Action item
Copy only those lines which run from the line containing "fire warmer, hip" to the end of the entries below, both inclusive, exactly as written and with no pictures.

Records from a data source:

--------------------

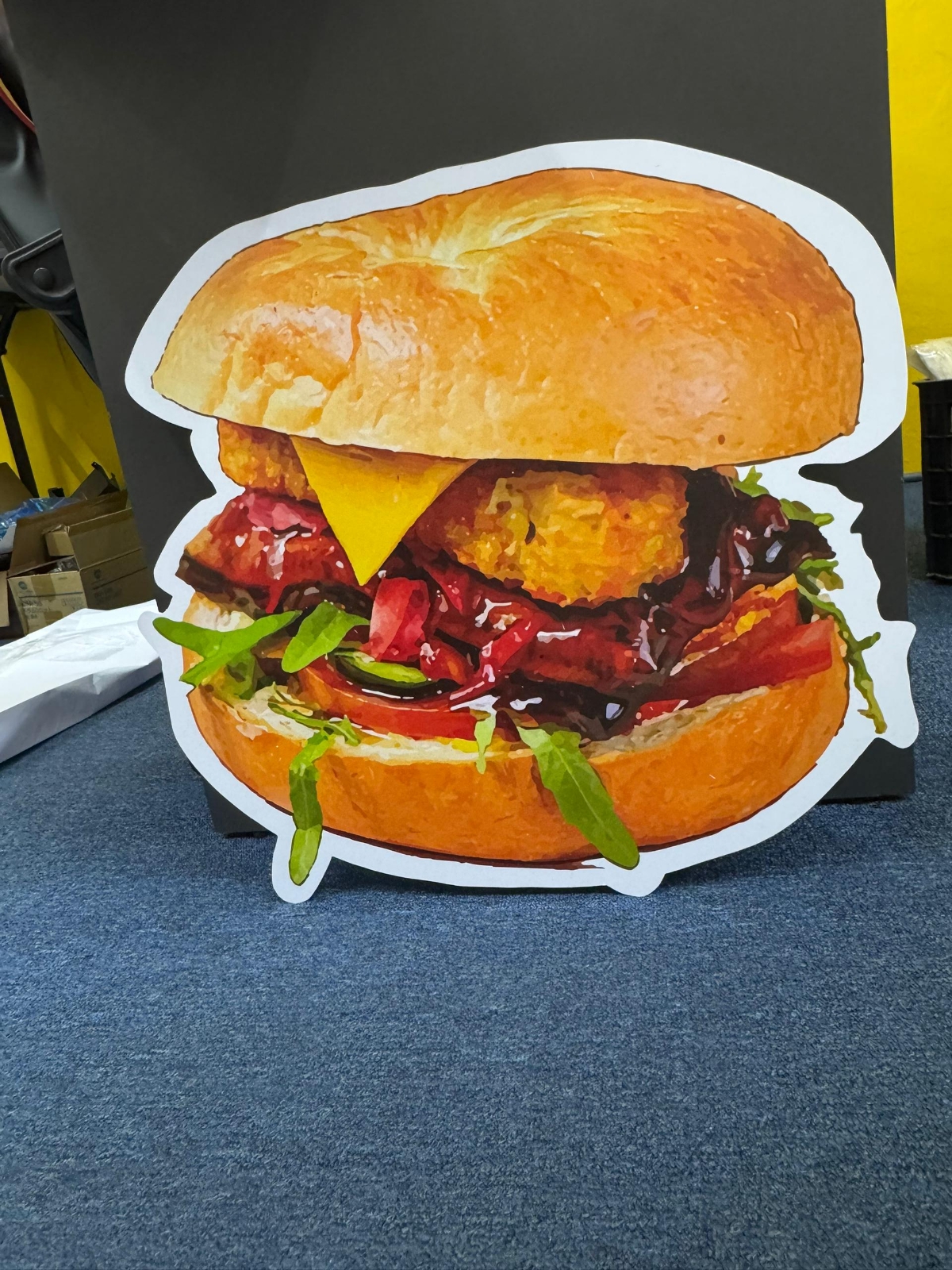3D Foamboard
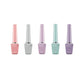 DGEL Signature Cat Eye Gel Polish #DS176-180 Fantasy Collection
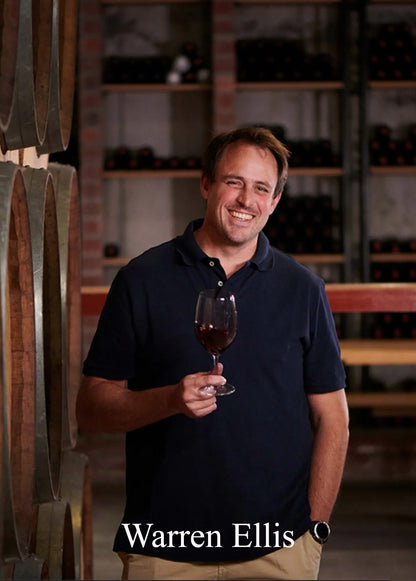 CWG Warren Ellis Wines Amper Bo Tempranillo 2017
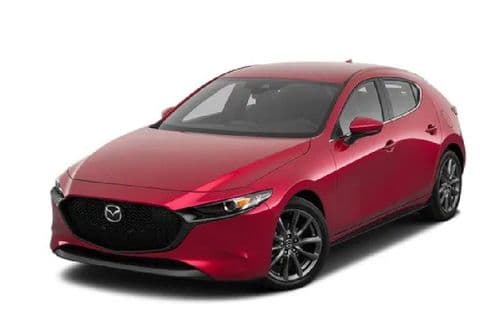 Mazda 3 Hatchback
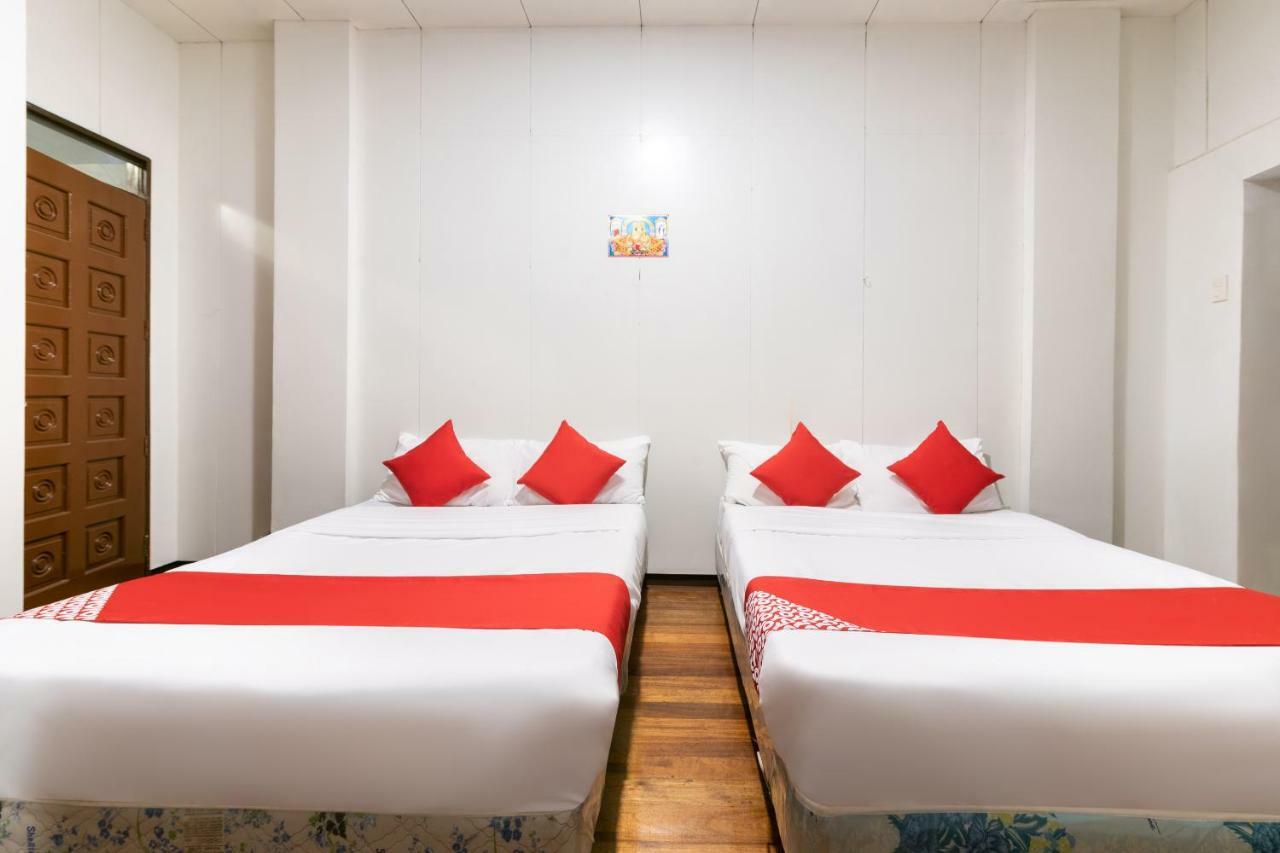 Oyo 122 The Peak Pines Pension Baguio City Zewnętrze zdjęcie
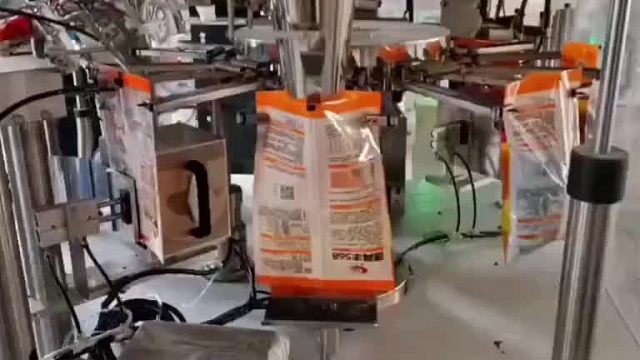 种子全自动包装机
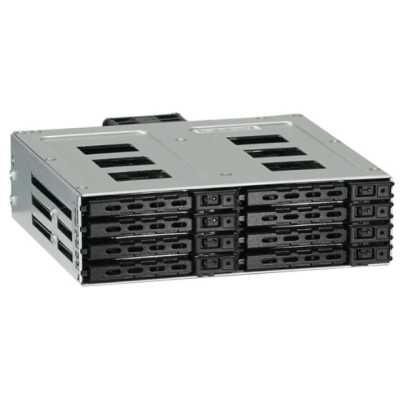корзина Procase L2-108-SATA3-BK
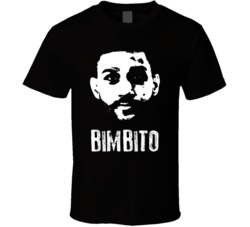 Wilfredo Mendez Bimbito Big Face Silhouette Boxing Fight Fan T Shirt Wilfredo Mendez Bimbito Big Face Silhouette Boxing Fight Fan T Shirt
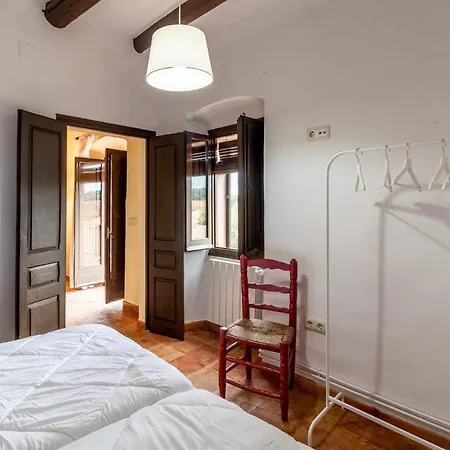 Holiday home Ca Laiguader Casa Rural En Entorno Natural En El Girones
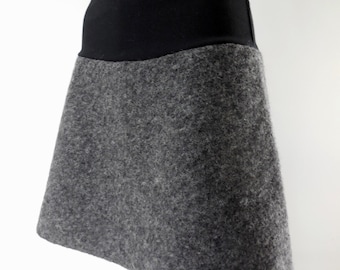 fire warmer, hip skirt A shape softer spezial new wool happy fitting warm windproof with double belt the popular gift, last offer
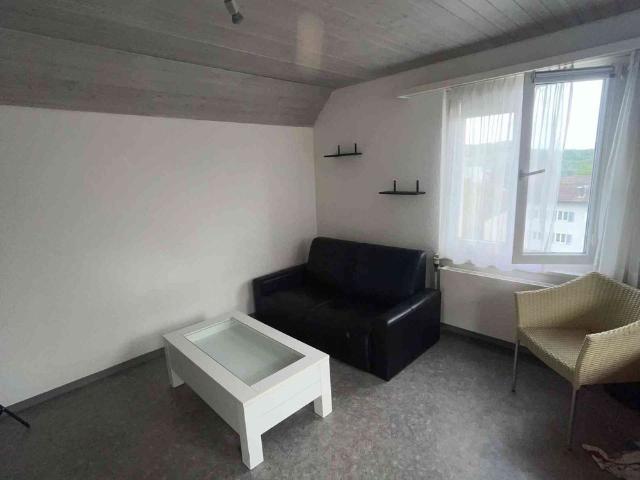 1 Zimmer, 30 m², 3. Stock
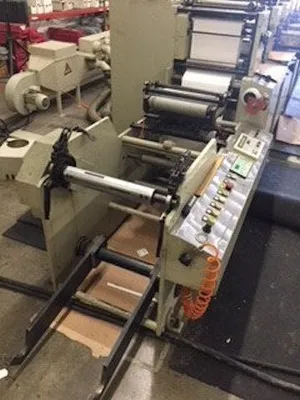 2006 EKOFA EKOFA 13511 FLEXO NARROW WEB | Styers Equipment Company (22)
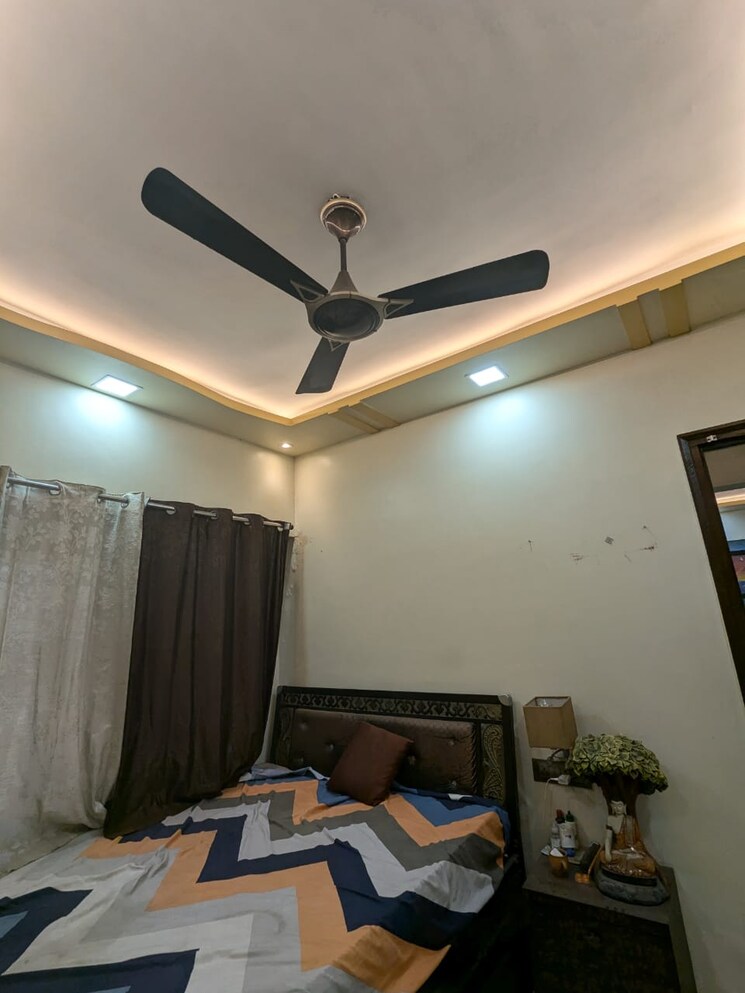 Living Room, siddhivinayak-residency-thane-west 2 Bedroom 650 Sq.Ft. Apartment In Owale Thane 8359192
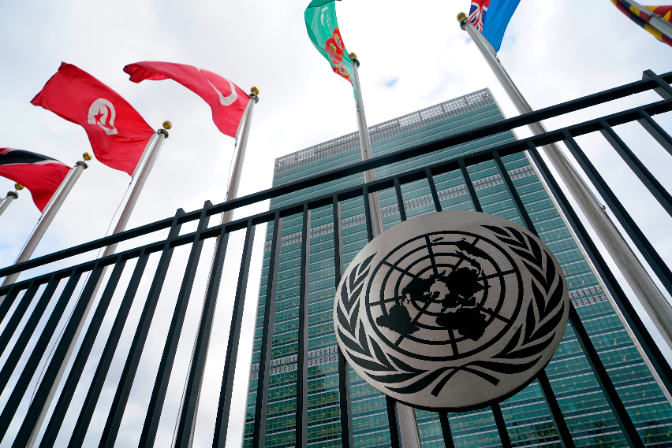 Alessandra Vellucci, alta funcionaria de la ONU, en la SER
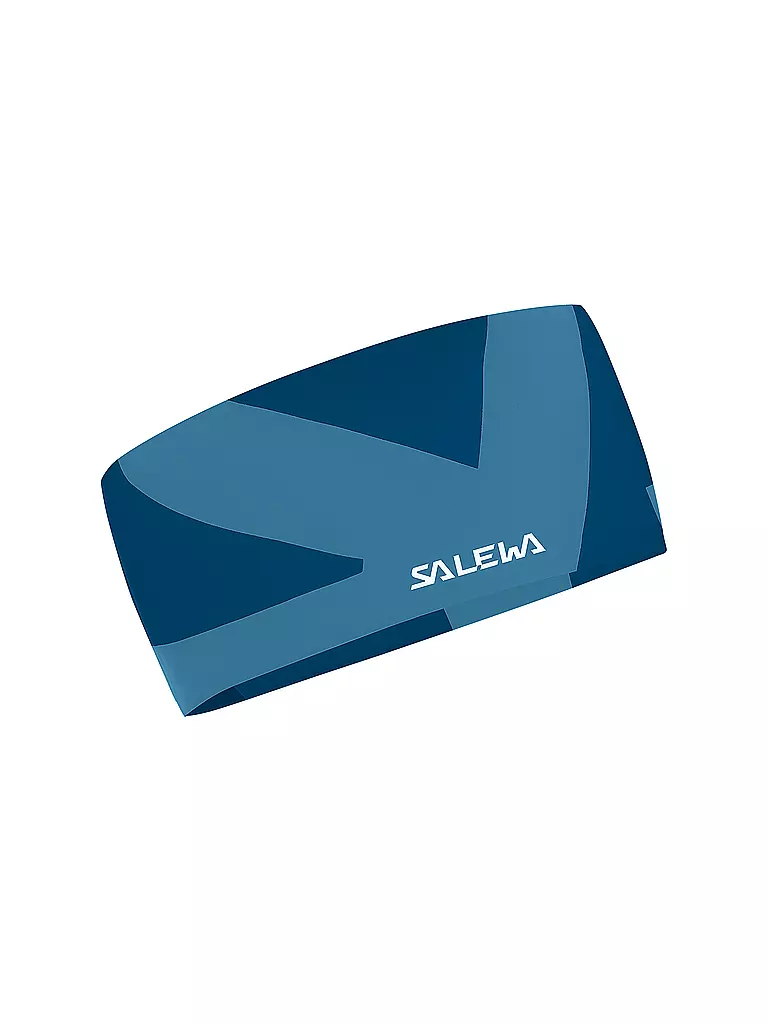 SALEWA | Fascia per capelli Pedroc Dry | Blu
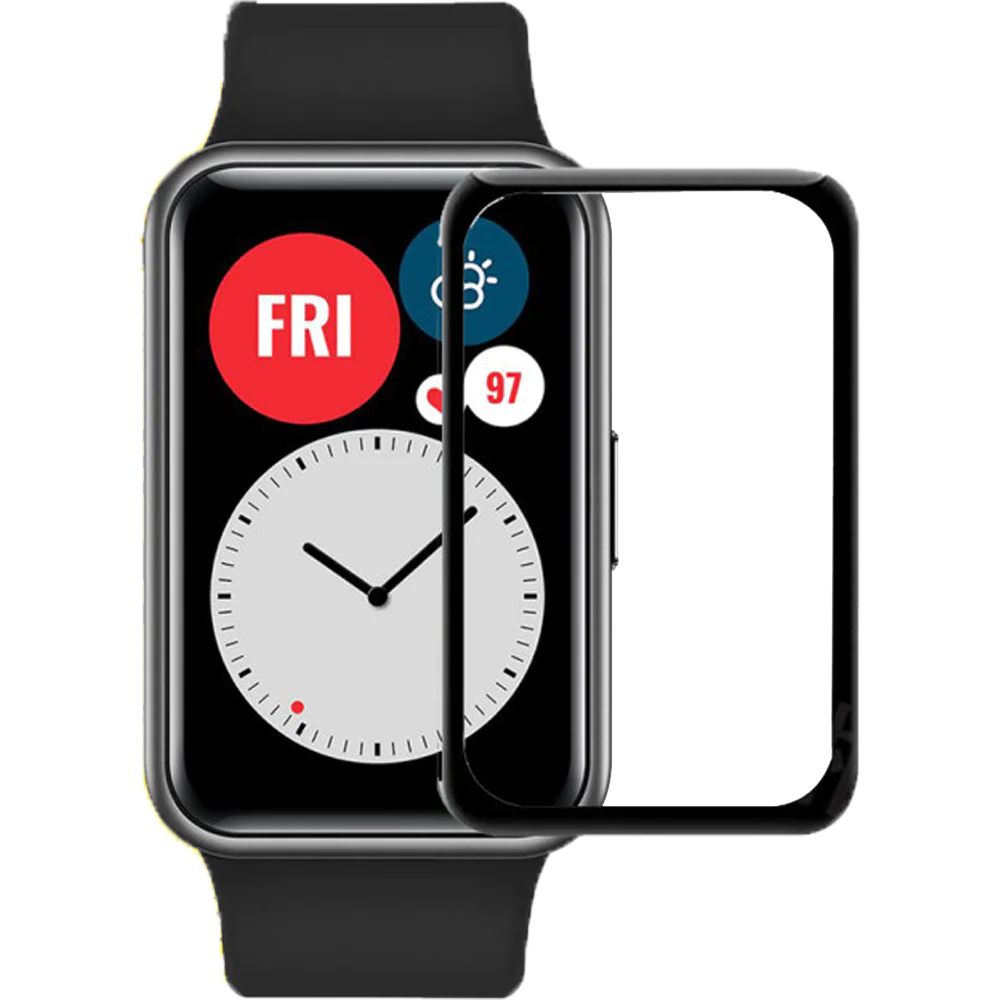 Huawei Watch Fit Glass Screen Protector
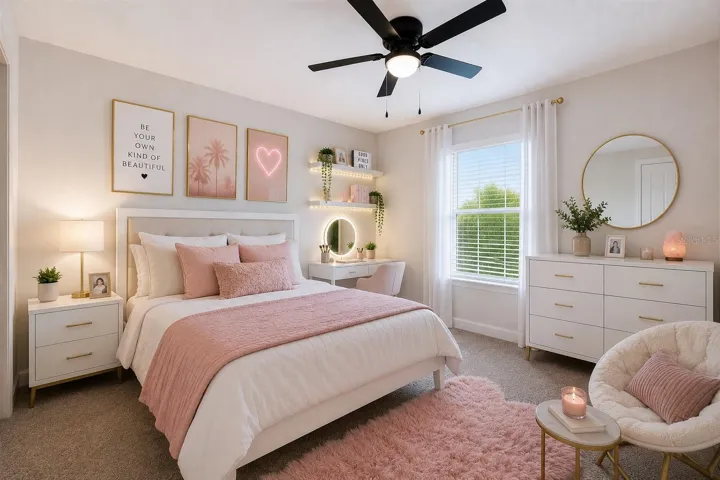 Bedroom #3 - Virtual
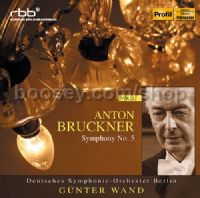 Gunter Wand vol.1 (Profil Audio CD)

--------------------

Response
 fire warmer, hip skirt A shape softer spezial new wool happy fitting warm windproof with double belt the popular gift, last offer
 1 Zimmer, 30 m², 3. Stock
 2006 EKOFA EKOFA 13511 FLEXO NARROW WEB | Styers Equipment Company (22)
 Living Room, siddhivinayak-residency-thane-west 2 Bedroom 650 Sq.Ft. Apartment In Owale Thane 8359192
 Alessandra Vellucci, alta funcionaria de la ONU, en la SER
 SALEWA | Fascia per capelli Pedroc Dry | Blu
 Huawei Watch Fit Glass Screen Protector
 Bedroom #3 - Virtual
 Gunter Wand vol.1 (Profil Audio CD)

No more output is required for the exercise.